Honda is ready for the match, despite the physicality of Australian players, again repeating that the exposure to the rugby codes and Australian Rules makes Australian footballers more physical and aggressive. The reaction to those words could be an interesting sideshow tonight!
Honda says he also has a “memory like a sieve” and did not remember that he had previously played at Marvel (formerly Etihad) Stadium, reveals that he's never been involved in a 'media roundtable' before, and that he's having trouble “deciphering some of the ocker accents of the reporters around him”.
Brisbane Roar v Central Coast Mariners - Sunday 5pm AEDT, 4pm local
Mike Mulvey talks about how he has “rebuilt” the squad and the expectations at Central Coast Mariners, and why “Usain Bolt is a blessing”. Although he left the A-League as a championship-winning coach, he took over the team at the “other end” of the table in ninth position. He says he came into the job with his “eyes wide open”, but he's now got players from the “top shelf” as well as the “bottom shelf”. He argues that Usain Bolt has brought much needed awareness to the A-League and that is only good for football.

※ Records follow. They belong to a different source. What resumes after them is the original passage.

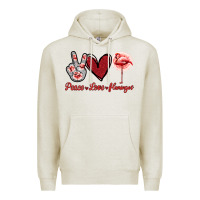 Oatmeal Heather Peace Love Flamingo Premium Hoodie - Jasminsmagicworld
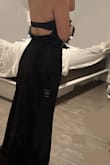 This dress fits perfectly and has a stretchy strap in the back making it fit more than one bust size! I'm a 34B and the dress fits great as long as I use a good bra with it. A friend of mine is a 36DD and she was able to fit the dress as well! It does run a bit long but I was able to make it work with heels. - Gresia L.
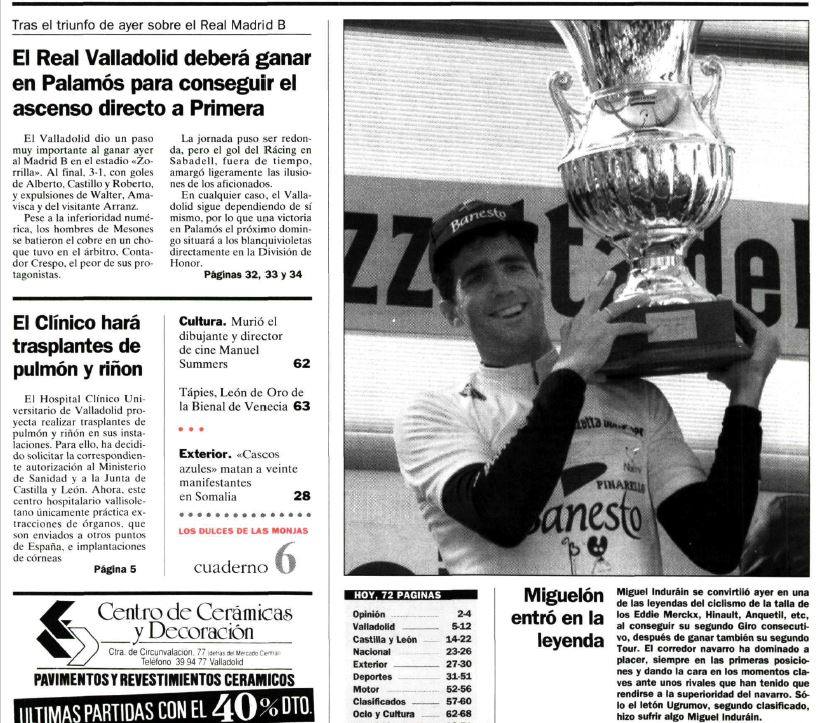 Portada de El Norte de Castilla del 12 de junio de 1995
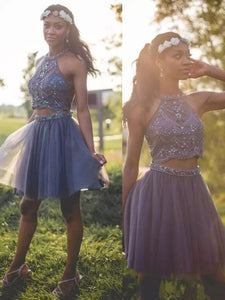Two Pieces A Line Homecoming Dresses Kiara Halter Sleeveless Pleated Tulle Beading Short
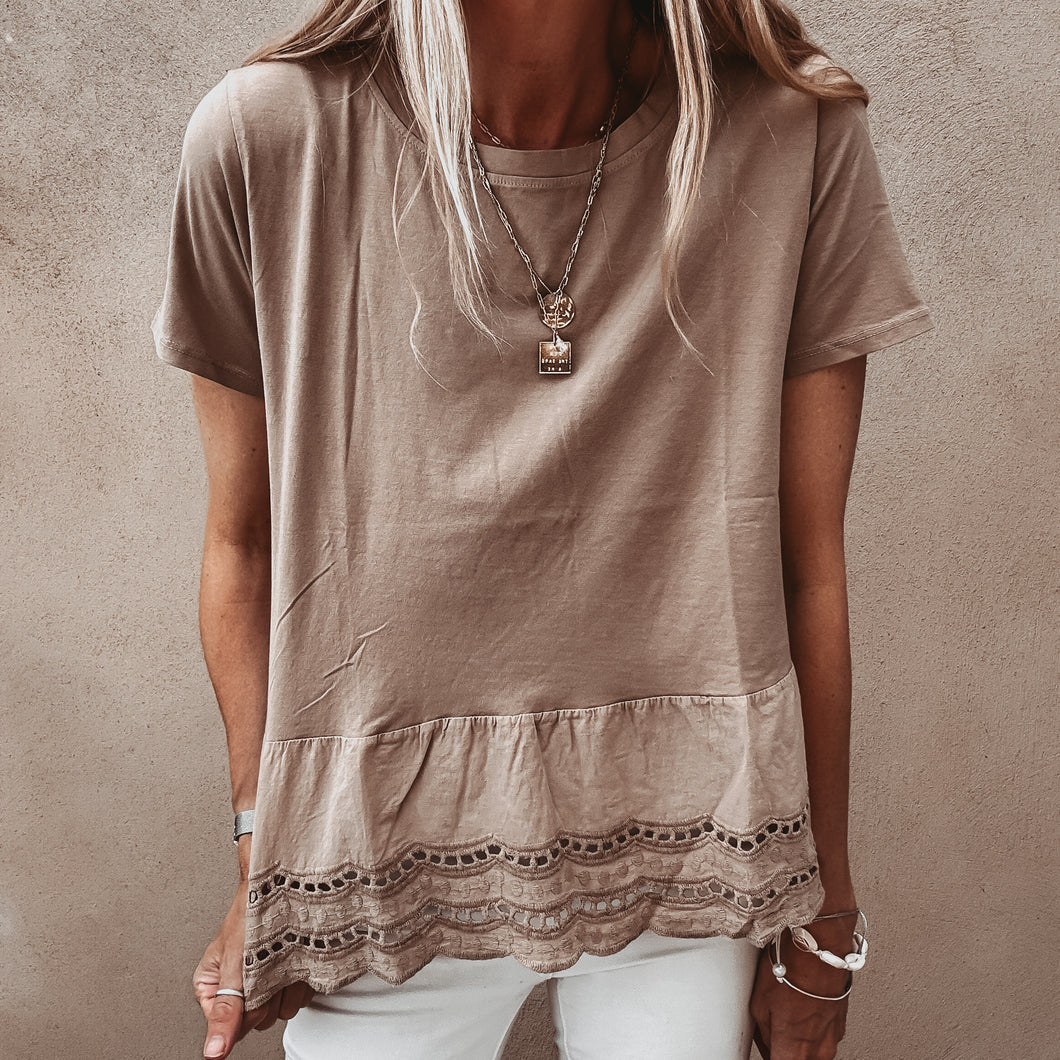 Lola TAUPE linen tee with cotton lace *NEW*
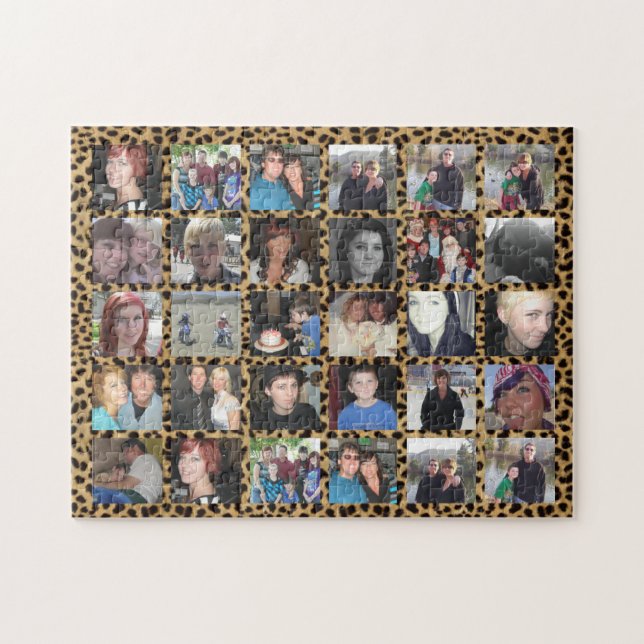 Lägg till 30 Bilder Photo Collage Jigszons Puzzle Pussel (Horisontell)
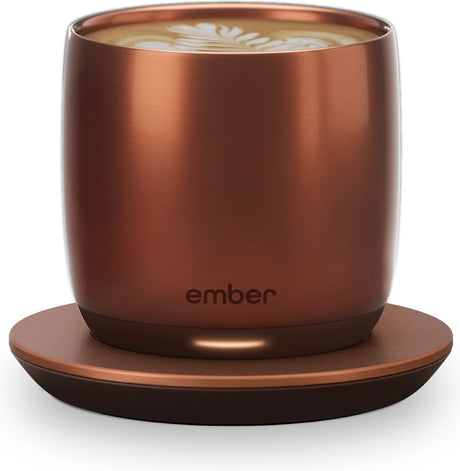 Ember Cup Kaffeetasse – smarte Tasse mit mobiler App – Tassenwärmer – Kaffeetassen mit einstellbarer Temperatur – kratzfeste Teetasse Kaffeetasse – 178 ml – Kupfer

The stage is set for Brisbane Roar to make home games “a fortress again” with their first two matches of the season at home against last season's two worst teams. If they win both games, Marco Monteverde points out that they would have gained more than one-third of their total points at home from last season. Ouch. Yes, they were that poor at home.
By the way, uncontracted 18-year-old Afghan refugee Rahmat Akbari from Brisbane has been offered a contract with Melbourne Victory. He makes the move with Brisbane Roar's blessing.
Perth Glory v Western Sydney Wanderers - Sunday 7pm AEDT, 4pm local
Tony Popovic? Sentimental? Not likely - and nor is there not much room for sentiment in football ($). The fact that his former team, which he once ruled with an iron fist in a velvet glove, means nothing. He has a job to do; that is to turn around the fortune of Perth Glory; and that's what he's focussed on.
In a report that starts with Babbel's comments on Bolt (see next item), it could be a tough ask for the Wanderers in Perth without Patrick Ziegler (knee), Kosta Grozos (knee) and Mark Bridge (calf). He said he has no recruitment plans - “this is a money thing” - but the players are working hard. Babbel said much the same thing here via Fairfax.
Markus Babbel spoke a little more freely - perhaps - than he might to a local media outlet, with the Western Sydney Wanderers coach, who was capped 51 times for Germany, telling Swiss Blick newspaper that Usain Bolt is a “legend” who has brought a lot of attention to the A-League, but he is not good enough for it. He said it's not possible to switch from athletics to football, particularly at that age, and if it was others would do it.
Calling a game
Brenton Speed on the art of calling a game ($), the preparation he puts into it, and how “Oh my goodness, oh my goodness ...” was simply a spontaneous reaction to Riley McGree's incredible scorpion kick in the semi-final last season.